Our experience gave us confidence that there was a market with micro businesses. Other companies did not want to pursue them. Everyone else thought it was a horrible market. We happened to be in the right spot at the right time.

In order to achieve this goal, they have developed technology to automate desktop publishing and manufacturing so that they can sell products at low quantities and superior prices. However, there were another problem. Another reason their competitors hated the micro businesses market was because these customers are not easy to get to. VistaPrint solved the problem through direct marketing but in an unusual way. They gave their products away for free to generate buzz. According to Robert,

That became a runaway success. At the time, full-color business cards were selling online for $85 and $200-$300 at traditional printers.
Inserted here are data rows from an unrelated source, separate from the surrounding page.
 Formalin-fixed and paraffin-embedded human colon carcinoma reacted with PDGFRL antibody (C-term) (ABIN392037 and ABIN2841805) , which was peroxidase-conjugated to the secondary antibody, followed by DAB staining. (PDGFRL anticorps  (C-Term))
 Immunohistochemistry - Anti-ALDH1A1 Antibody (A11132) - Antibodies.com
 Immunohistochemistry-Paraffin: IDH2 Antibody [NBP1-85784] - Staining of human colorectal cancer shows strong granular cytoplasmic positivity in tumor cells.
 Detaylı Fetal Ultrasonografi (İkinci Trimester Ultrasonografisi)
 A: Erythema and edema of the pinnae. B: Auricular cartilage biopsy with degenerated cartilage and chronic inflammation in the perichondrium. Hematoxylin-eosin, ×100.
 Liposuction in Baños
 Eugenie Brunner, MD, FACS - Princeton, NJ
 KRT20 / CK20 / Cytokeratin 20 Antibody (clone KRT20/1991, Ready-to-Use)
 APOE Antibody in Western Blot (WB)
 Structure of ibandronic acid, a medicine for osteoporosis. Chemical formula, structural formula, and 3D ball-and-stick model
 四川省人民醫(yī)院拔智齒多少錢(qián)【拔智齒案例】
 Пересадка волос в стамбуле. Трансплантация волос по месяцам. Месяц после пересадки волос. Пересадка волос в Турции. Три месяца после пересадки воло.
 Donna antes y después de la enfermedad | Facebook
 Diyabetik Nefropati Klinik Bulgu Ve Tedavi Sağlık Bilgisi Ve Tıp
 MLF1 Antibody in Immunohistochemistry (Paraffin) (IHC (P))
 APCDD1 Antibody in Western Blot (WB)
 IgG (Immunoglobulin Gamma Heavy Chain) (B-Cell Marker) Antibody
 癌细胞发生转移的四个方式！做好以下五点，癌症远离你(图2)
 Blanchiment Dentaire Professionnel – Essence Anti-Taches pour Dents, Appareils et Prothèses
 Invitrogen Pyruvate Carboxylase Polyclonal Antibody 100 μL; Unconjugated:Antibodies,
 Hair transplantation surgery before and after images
We gave them away free with a $5 shipping and handling fee. That offer was so successful in getting people to try us that it became an acquisition engine that drove our business. Our business model got to scale very quickly.

This free sample offer also built up the credibility of the company. So the customers will buy other things when they come back for the second time.

Do your company and competitors ignore a portion of potential customers now? In fact, even President Obama targeted a tribe (young people, minorities and the poor) that were usually ignored by traditional candidates during his presidential campaign. If you want to be successful in a crowded market, you have to be creative and do something very different from your competitors. Love the customers your competitors hate. They may just be the ones who help your company grow to the next level.

Must-Have Business

During tough times, if your company was a must-have business for your customers, I am sure your company will do pretty well. OpenTable happens to be that kind of business. Like AdWords and regular affiliate programs, OpenTable’s customers only have to pay for results providing an extraordinary lead-generation marketing tools for restaurants. Like one of their customers said:

OpenTable.com has given us new ways to understand who our guests are, and what they want. Their system is helping us utilize the Internet to communicate more easily with consumers, and makes it easier to cater to the desires of our regulars…52% of the reservations that OpenTable.com delivers to us are first-time visitors to the restaurant, which means that OpenTable.com is bringing us significant numbers of new customers, as well as giving our regulars an easy and efficient way to visit us.”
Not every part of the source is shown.